Almost a year (off by two days) before this post I published a blog post detailing my issues with Github and Github Pages. Now a year later I’ve finally got around to switching off of Github again.
I’ve been using Github since around 2019, not that long in the life of Github, but I didn’t have a major reason to publicly share my personal projects until that point. With my increased interest in sharing my mediocre personal software projects publicly I quickly realized that I do not like Github and I really do not like Microsoft. The interface is slow and unintuitive, service quality has degraded, and later on the site started being scraped by Microsoft for AI. This is why around 2021 I started hosting my own instance of Gitea. This solved my problem for a while, and it was quite positive to not be relying on someone else’s service.
The action sparking my re-adoption of Github was the loss of all of my infrastructure on one of my hosts, this was fortunately just a small fraction of my services, but it did include my git server. I lost many projects over this that were not backed up properly. While this was a learning experience for me, I was left unwilling to start another git server. It’s not that I think I’d be prone to another data loss situation, I mostly didn’t want to start fresh on a site that had none of my configuration and none of my users. The point I switched back was when I started learning about Github Actions and Github Pages and was loving their improvement to my productivity.
I have been unwilling to give any money to Microsoft through Github, so I have avoided purchasing pro (even if it is pretty reasonably priced). This came back to bite me the other day when I experienced an issue with one of my projects that had failed to update due to private repo Actions limits being reached. I decided that enough was enough and purchased a subscription to Sourcehut on the spot. Sourcehut is a fantastic collection of services and I couldn’t have been more glad for the switch. I was afraid of rewriting all of my Github Actions workflows, but the Sourcehut CI is refreshing to work with. You simply choose an image, import your secrets, declare your packages, set file paths for artifacts to be exported on completion, and then create tasks in the form of shell scripts. You can also rerun and edit build manifests without commiting to your repo, so you don’t need to make dozens of commits while creating your CI config. This has made my life so easy and is in such stark contrast to the complex and annoying system Github provides.
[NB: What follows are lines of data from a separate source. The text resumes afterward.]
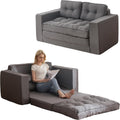 YOSHOOT Loveseat Sleeper Sofa,55' Convertible Sofa Bed Couch Futon Couches for Living Room,3-in-1 Pull Out Floor Couch with Reclining Backrest and Pillows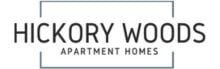 Hickory Woods Apartment Homes logo in elegant typography.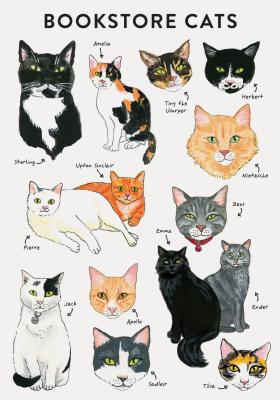 Bibliophile Flexi Journal: Bookstore Cats: (cat Gifts for Cat Lovers, Cat Journal, Cat-Themed Gifts) - Jane Mount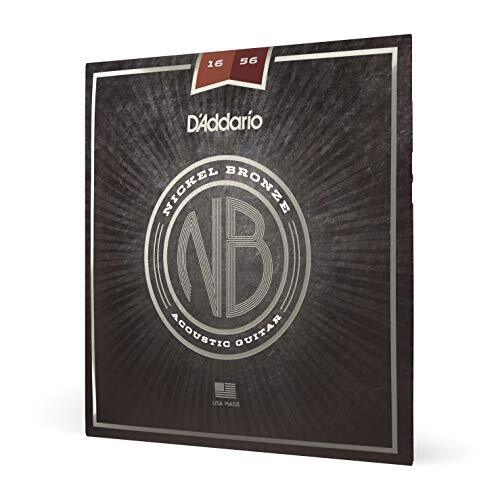 D'Addario D'Addario Snaren - akoestische gitaar Snaren - Nikkel Brons - Voor 6-snarige gitaar - Verhoogde corrosiebestendigheid - Full Tonal Spectrum - NB1656 - Resophonic Gitaar, 16-56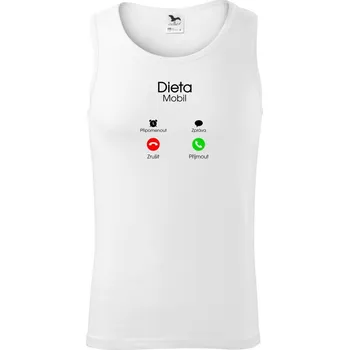 Dieta volá - Tílko pánské Core - L ( Bílá )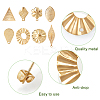 DICOSMETIC 20Pcs 10 Style 304 Stainless Steel Stud Earring Findings STAS-DC0001-37-4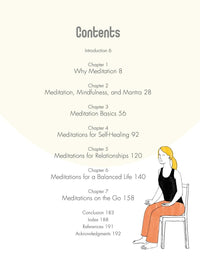 The Little Book of Meditation: Easy ways to beat stress, improve well-being, and go with the flow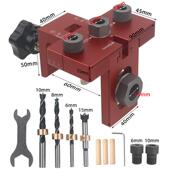 三合一打孔定位器板式 家具二合一开孔器圆木榫连接件快速定位钻孔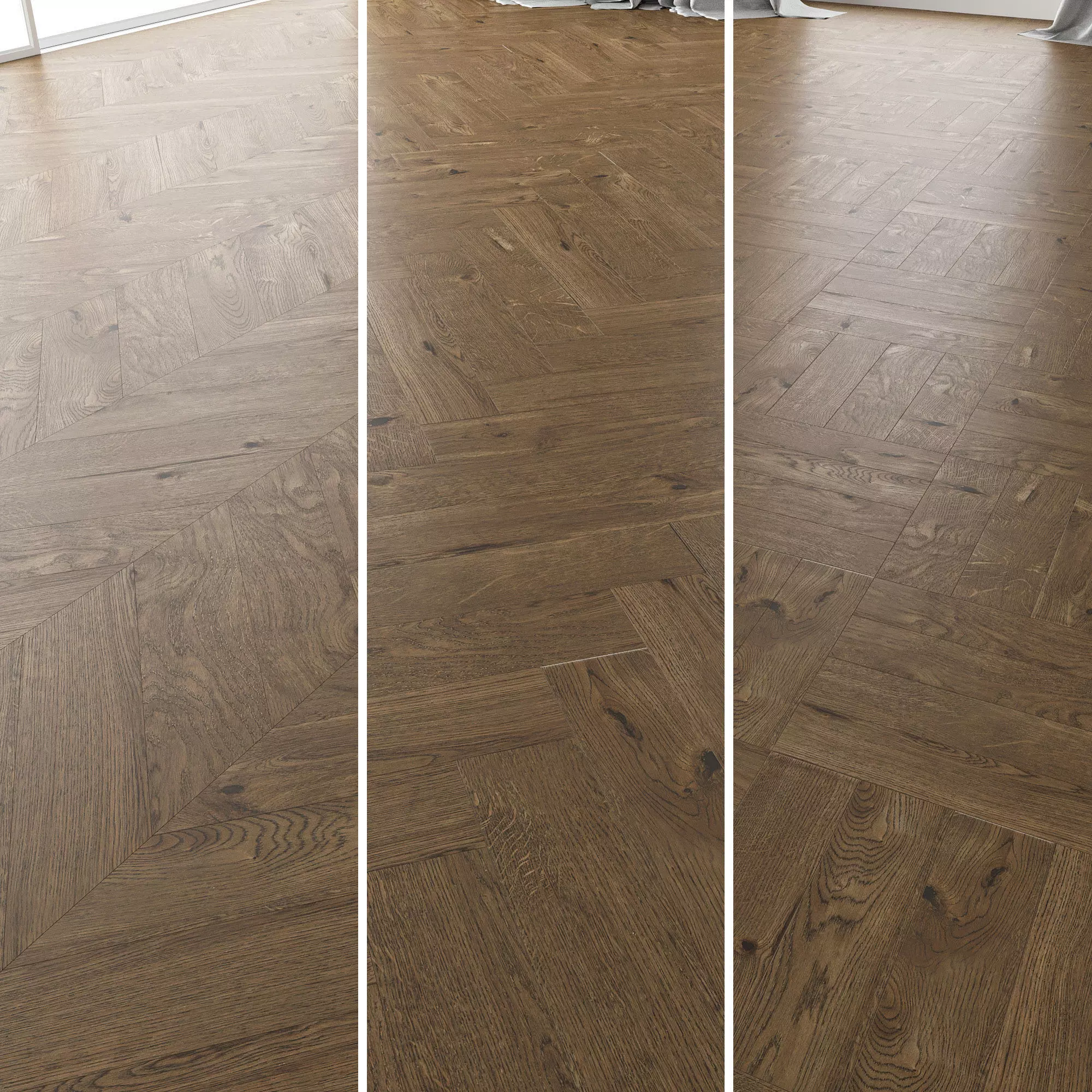  Parquet Oak Estate NEW Brushed set 4 3D model_0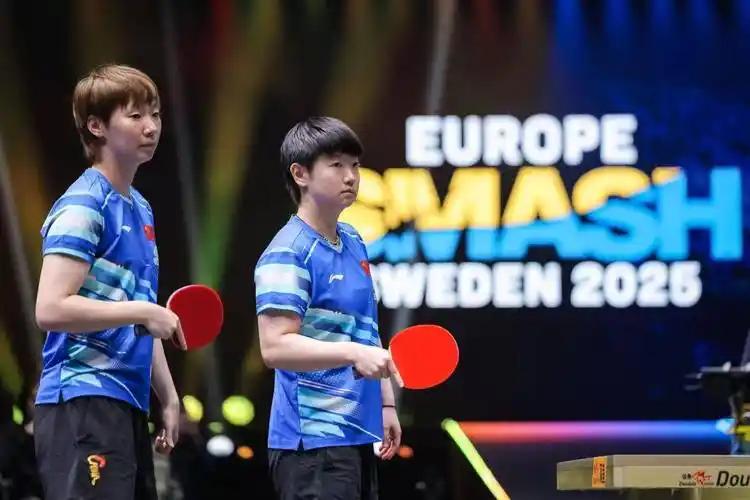 ·这下真是丢人丢到国际上了！3月1日，在WTT女单决赛赛场上，孙颖莎和王曼昱正打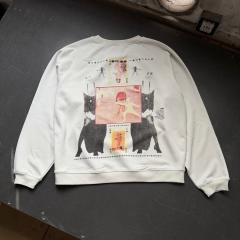 ERD Vintage Crewneck Newspaper Duel Poster Print Grunge Sweatshirt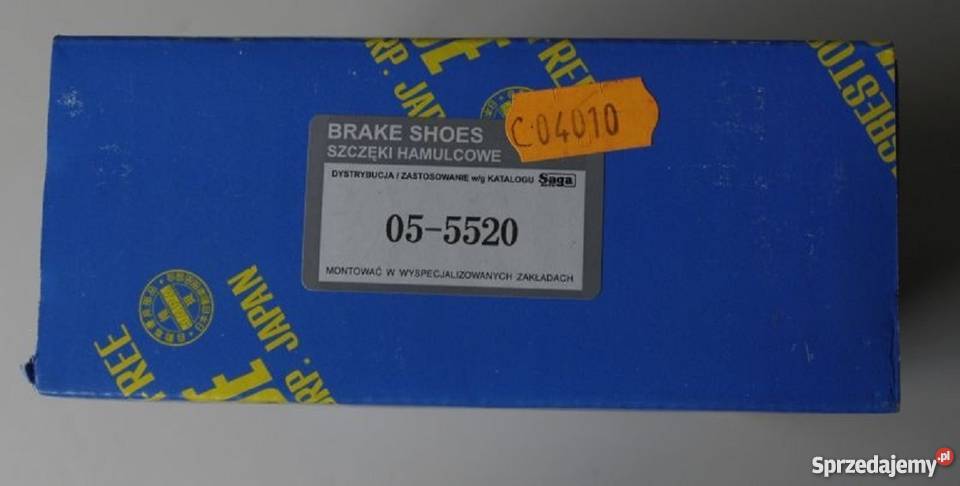 szczęki hamulcowe do Hondy HRV Pozostałe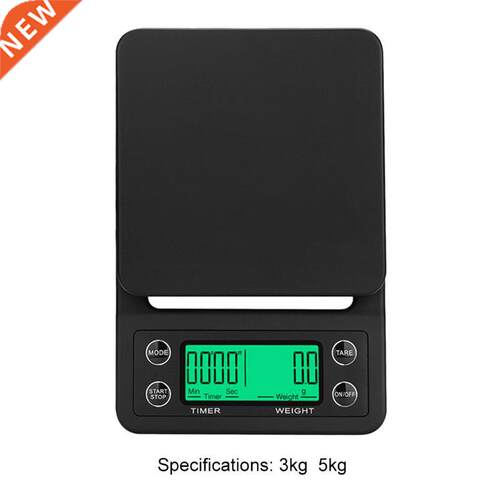 1 Pc Protable 3KG/5KG Digital Drip Coffee Scale With Timer L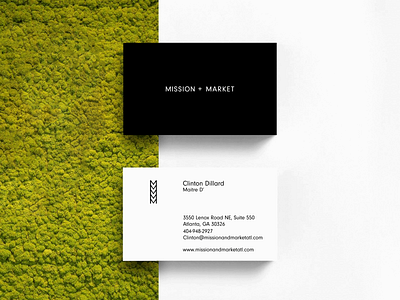 Mission + Market Business Cards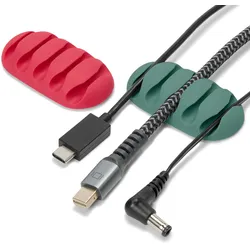 Tchibo - 2 Universal-Kabelmanager - rosé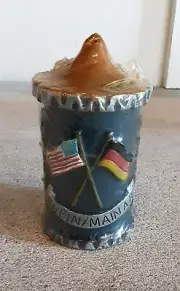 Rein/Maine A.B. US AIR FORCE-GERMANY Gunter Kerzen PILLAR CANDLE Made in Germany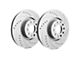 SP Performance Cross-Drilled and Slotted 6-Lug Rotors with Gray ZRC Coating; Front Pair (03-04 Dakota)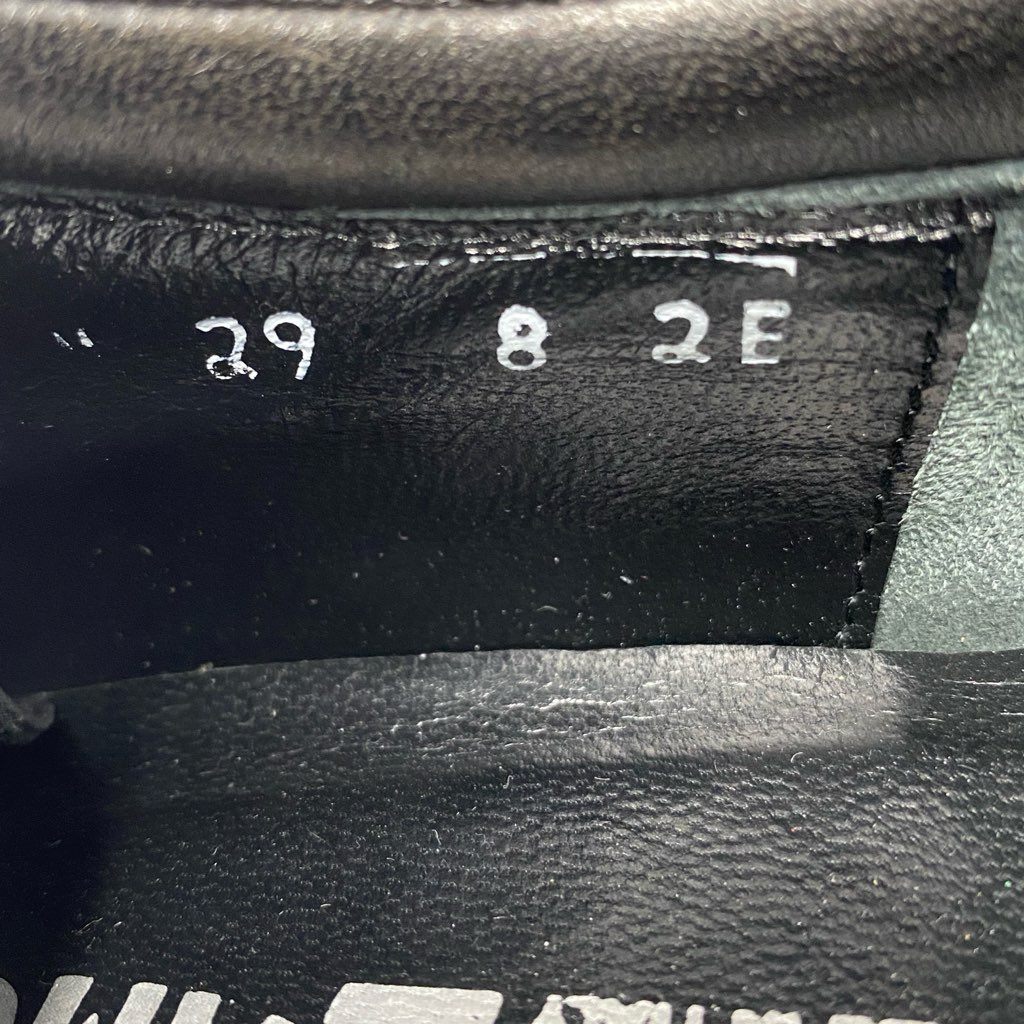1b26 Salvatore Ferragamo サルヴァトーレフェラガモ イタリア製 ドレスシューズ 革靴 ビジネス フォーマル 8 ブラック レザー MADE IN ITALY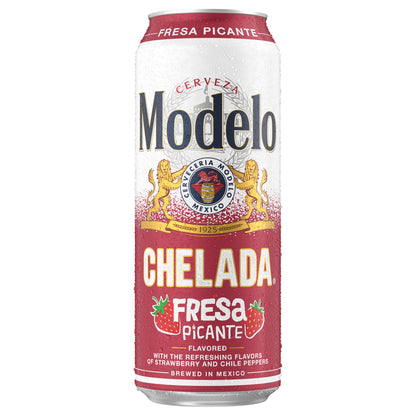 Modelo Chelada Fresa Picante Cerveza Sabor Importada Mexicana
After setting up a few Java and Docker based projects with Sourcehut’s CI and even experimenting with the issue tracker and IRC bouncer, I decided that I should tackle this site. I’ve been dying to move this site off of Github. Without a pro subscription my drafts folder was published for all to see, now I can make this site publish from a private repo, and Sourcehut has once again managed to be easier than Github and much quicker to set up. Sourcehut Pages is not a complex black box like Github Pages, to update a site to it you just submit a request to the pages.sr.ht api with a domain name and a tarball containing the static site contents (and an access token if you’re submitting this outsite of a CI script with the proper OAUTH permissions). This means you can build your CI script any way you choose, build the contents how you’d like to, and add a CLI hut
command to upload your site at the end of your script. Another benefit of this system is website maintainers are able to update their site without updating the repo. Just as the Unix philosophy would dictate, the functions of the larger Sourcehut ecosystem are well built software projects standalone that can be strung together by the user, not an all-in-one platform that forces the user into one single workflow.
I owe a massive thanks to Drew DeVault for his amazing work on Sourcehut. I’ve only been using this platform for a very short time, but I believe that it will make a lasting effect on how I view source control and FOSS project management. Sourcehut is the most sensible and well thought out suite of software I have used in a long time.